Ça peut sembler étrange comme conseil, mais ça m’a sauvé bien souvent de situations où j’étais mal à l’aise de ne pas porter de brassière. Il m’arrive certains matins de passer le seuil de la porte pour affronter la journée avec nonchalance, sans camisole-de-force-mammaire, mais sans prévenir, je me retrouve dans un contexte professionnel qui exige une tenue de madame digne et bienséante. Pas de panique : je n’ai alors qu’à défaire ma queue de cheval, à placer mes cheveux devant ma poitrine et voilà! Mes mamelons disparaissent derrière un rideau de poils. C’est un accessoire de mode pratique, les cheveux. (À ne pas confondre avec les chevaux, qui peuvent eux aussi aider à dissimuler les mamelons, mais qui demandent plus d’entretien.)

 

5- Imaginer être Coco Chanel

La grande couturière Coco Chanel a révolutionné la mode au début du XXe siècle parce qu’elle était tannée des vêtements féminins encombrants, des corsets, des plumes et des froufrous qui faisaient ressembler les femmes à de gros cupcakes.
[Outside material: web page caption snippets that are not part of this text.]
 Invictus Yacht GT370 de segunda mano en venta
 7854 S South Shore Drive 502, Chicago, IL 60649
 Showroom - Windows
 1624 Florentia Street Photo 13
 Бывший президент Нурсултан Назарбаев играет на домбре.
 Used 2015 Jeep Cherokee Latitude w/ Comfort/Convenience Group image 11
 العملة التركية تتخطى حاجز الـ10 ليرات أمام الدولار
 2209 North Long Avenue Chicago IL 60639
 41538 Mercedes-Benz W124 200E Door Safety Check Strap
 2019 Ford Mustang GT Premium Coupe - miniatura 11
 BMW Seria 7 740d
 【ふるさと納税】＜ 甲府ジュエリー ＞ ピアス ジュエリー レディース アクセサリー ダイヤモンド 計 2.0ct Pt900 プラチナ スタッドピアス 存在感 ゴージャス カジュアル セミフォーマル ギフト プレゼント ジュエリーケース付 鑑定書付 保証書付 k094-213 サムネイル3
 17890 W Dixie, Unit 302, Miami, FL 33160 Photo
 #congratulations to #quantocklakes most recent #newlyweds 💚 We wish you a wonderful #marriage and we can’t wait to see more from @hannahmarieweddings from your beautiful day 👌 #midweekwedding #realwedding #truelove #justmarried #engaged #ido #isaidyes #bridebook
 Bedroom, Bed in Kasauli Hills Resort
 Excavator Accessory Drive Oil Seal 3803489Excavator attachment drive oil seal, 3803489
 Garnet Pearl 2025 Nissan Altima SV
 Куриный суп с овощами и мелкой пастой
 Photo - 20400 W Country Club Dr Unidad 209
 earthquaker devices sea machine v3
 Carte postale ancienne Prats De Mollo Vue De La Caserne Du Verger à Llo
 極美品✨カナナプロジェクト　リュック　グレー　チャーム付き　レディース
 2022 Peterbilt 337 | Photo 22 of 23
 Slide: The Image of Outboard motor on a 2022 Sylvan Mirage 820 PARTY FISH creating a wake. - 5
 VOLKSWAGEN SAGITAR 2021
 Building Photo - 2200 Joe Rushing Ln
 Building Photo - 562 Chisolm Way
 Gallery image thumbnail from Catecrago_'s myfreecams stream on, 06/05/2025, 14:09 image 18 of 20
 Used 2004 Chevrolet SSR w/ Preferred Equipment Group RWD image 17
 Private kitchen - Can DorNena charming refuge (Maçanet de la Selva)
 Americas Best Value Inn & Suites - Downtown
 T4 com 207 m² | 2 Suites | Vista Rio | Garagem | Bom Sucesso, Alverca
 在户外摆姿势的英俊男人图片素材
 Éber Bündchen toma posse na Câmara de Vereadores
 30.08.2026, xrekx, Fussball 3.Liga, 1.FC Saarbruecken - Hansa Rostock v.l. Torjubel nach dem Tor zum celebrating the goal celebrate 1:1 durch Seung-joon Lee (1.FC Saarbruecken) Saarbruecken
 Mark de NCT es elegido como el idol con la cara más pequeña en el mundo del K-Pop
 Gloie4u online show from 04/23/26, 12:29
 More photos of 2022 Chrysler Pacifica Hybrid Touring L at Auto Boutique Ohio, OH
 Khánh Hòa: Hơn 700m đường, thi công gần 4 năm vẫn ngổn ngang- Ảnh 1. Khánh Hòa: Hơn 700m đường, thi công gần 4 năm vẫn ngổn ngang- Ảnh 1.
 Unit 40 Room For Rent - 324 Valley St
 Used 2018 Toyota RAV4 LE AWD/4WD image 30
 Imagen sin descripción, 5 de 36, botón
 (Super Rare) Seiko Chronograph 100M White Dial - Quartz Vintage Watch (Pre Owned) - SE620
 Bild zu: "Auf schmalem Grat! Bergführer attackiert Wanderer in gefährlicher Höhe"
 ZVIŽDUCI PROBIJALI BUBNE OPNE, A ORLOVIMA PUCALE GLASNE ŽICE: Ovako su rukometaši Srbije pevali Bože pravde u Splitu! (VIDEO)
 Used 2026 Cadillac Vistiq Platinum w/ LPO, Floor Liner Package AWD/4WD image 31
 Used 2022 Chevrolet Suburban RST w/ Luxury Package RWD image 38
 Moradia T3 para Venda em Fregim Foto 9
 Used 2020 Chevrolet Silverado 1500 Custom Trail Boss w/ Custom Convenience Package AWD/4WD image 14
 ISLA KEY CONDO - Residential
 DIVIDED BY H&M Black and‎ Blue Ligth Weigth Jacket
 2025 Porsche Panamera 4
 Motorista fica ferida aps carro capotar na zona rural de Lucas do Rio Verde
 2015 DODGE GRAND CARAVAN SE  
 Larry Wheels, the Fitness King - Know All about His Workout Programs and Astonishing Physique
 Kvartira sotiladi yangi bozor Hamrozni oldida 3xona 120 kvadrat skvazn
Elle voulait libérer le corps féminin. Au départ, ses vêtements épurés n’étaient pas au goût de tout le monde, mais elle a persévéré dans son anticonformisme et c’est elle qui a eu raison : les corsets et autres apparats pâtissiers ont finalement été remisés. S'imaginer être Coco Chanel lorsqu’on fait des choix vestimentaires avant-gardistes peut aider à se sentir mieux (surtout si on oublie la partie où elle aimait les nazis).

 

6- S’affranchir de l’idée que les seins naturel c’est pas beau

Les brassières servent à déformer les seins pour les uniformiser. Or, comme tout le monde en porte, on a l’impression quand on regarde nos seins à l’état naturel qu’ils sont difformes. Il faut alors se rappeler de mettre les choses en perspectives : nos seins ne sont pas difformes, ce sont les brassières qui le sont. Gros, inégaux, menus, plats, ronds, éloignés, pointus : tout cela est normal. Et comme le dit le Pape, « tous les seins ont leur place au ciel ».

 

Finalement, ce n’est pas exactement un conseil, mais je propose que les femmes qui ne portent pas de brassières, on se donne de fiers high-fives entre nous quand on se croise. Voyez-vous, sur la route, les motocyclistes se font un signe de la main lorsqu’ils se croisent. Ils partagent le même mode de transport, ils font partie de la même sous-culture, alors ils se saluent. Et pourquoi pas? Si c’est bon pour les deux roues, c’est bon pour les deux boules.